[Items from a dataset]
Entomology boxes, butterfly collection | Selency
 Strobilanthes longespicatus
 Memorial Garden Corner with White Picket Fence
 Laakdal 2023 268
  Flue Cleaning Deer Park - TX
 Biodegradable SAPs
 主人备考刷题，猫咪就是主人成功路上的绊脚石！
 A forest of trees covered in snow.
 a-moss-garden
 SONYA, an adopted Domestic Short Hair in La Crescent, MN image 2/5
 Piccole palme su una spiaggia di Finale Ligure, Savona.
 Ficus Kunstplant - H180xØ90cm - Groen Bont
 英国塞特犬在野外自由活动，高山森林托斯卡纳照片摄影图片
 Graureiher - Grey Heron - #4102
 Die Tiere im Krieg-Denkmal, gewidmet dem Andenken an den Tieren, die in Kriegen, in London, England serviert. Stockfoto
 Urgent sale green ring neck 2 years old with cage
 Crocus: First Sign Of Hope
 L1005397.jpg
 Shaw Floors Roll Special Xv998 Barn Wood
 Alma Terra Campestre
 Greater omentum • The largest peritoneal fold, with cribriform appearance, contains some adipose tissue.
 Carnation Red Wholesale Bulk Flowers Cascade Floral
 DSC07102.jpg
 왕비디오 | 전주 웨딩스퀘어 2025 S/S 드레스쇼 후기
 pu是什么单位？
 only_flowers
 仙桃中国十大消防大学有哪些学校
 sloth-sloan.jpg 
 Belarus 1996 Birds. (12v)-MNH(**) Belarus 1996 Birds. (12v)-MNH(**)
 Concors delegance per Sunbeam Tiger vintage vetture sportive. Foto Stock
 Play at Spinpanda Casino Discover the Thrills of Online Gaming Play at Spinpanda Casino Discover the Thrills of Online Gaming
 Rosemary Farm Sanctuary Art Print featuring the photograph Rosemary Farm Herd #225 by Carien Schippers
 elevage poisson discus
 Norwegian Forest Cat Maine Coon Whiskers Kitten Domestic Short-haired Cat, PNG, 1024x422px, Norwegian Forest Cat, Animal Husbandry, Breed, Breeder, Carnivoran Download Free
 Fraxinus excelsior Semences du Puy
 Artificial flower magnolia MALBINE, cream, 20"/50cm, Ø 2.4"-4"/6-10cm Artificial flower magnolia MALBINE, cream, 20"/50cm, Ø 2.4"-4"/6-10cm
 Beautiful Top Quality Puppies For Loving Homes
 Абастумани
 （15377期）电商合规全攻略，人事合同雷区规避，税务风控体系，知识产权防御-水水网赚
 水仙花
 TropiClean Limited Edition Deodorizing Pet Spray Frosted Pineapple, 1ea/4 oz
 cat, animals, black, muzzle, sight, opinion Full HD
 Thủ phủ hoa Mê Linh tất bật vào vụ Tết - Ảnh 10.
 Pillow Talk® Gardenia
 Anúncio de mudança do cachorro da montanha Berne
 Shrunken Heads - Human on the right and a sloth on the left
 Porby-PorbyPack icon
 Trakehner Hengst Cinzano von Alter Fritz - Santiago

Instructions for the task: Above are records; repeat only the lines starting at the line with "Alma Terra Campestre" and ending at the line with "Pillow Talk® Gardenia", exactly as they appear, both included.

Solution for this task:
 Alma Terra Campestre
 Greater omentum • The largest peritoneal fold, with cribriform appearance, contains some adipose tissue.
 Carnation Red Wholesale Bulk Flowers Cascade Floral
 DSC07102.jpg
 왕비디오 | 전주 웨딩스퀘어 2025 S/S 드레스쇼 후기
 pu是什么单位？
 only_flowers
 仙桃中国十大消防大学有哪些学校
 sloth-sloan.jpg 
 Belarus 1996 Birds. (12v)-MNH(**) Belarus 1996 Birds. (12v)-MNH(**)
 Concors delegance per Sunbeam Tiger vintage vetture sportive. Foto Stock
 Play at Spinpanda Casino Discover the Thrills of Online Gaming Play at Spinpanda Casino Discover the Thrills of Online Gaming
 Rosemary Farm Sanctuary Art Print featuring the photograph Rosemary Farm Herd #225 by Carien Schippers
 elevage poisson discus
 Norwegian Forest Cat Maine Coon Whiskers Kitten Domestic Short-haired Cat, PNG, 1024x422px, Norwegian Forest Cat, Animal Husbandry, Breed, Breeder, Carnivoran Download Free
 Fraxinus excelsior Semences du Puy
 Artificial flower magnolia MALBINE, cream, 20"/50cm, Ø 2.4"-4"/6-10cm Artificial flower magnolia MALBINE, cream, 20"/50cm, Ø 2.4"-4"/6-10cm
 Beautiful Top Quality Puppies For Loving Homes
 Абастумани
 （15377期）电商合规全攻略，人事合同雷区规避，税务风控体系，知识产权防御-水水网赚
 水仙花
 TropiClean Limited Edition Deodorizing Pet Spray Frosted Pineapple, 1ea/4 oz
 cat, animals, black, muzzle, sight, opinion Full HD
 Thủ phủ hoa Mê Linh tất bật vào vụ Tết - Ảnh 10.
 Pillow Talk® Gardenia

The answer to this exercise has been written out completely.